▸ **Data entries**:
-----

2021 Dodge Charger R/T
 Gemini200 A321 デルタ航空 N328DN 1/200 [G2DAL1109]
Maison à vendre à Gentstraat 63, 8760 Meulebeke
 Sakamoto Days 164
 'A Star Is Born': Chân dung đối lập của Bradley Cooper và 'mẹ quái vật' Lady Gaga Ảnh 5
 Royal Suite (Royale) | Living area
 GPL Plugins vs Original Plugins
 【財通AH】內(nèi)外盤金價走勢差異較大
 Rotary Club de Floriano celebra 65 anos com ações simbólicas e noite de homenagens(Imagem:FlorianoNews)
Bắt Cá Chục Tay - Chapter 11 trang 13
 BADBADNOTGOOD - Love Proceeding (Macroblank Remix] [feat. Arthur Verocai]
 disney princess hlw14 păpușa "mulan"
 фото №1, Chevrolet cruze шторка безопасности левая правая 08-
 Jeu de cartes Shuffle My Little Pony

-----

Begin with the line that contains "Royal Suite (Royale) | Living area" and set down each line exactly until the records above end, including the final line.

 Royal Suite (Royale) | Living area
 GPL Plugins vs Original Plugins
 【財通AH】內(nèi)外盤金價走勢差異較大
 Rotary Club de Floriano celebra 65 anos com ações simbólicas e noite de homenagens(Imagem:FlorianoNews)
Bắt Cá Chục Tay - Chapter 11 trang 13
 BADBADNOTGOOD - Love Proceeding (Macroblank Remix] [feat. Arthur Verocai]
 disney princess hlw14 păpușa "mulan"
 фото №1, Chevrolet cruze шторка безопасности левая правая 08-
 Jeu de cartes Shuffle My Little Pony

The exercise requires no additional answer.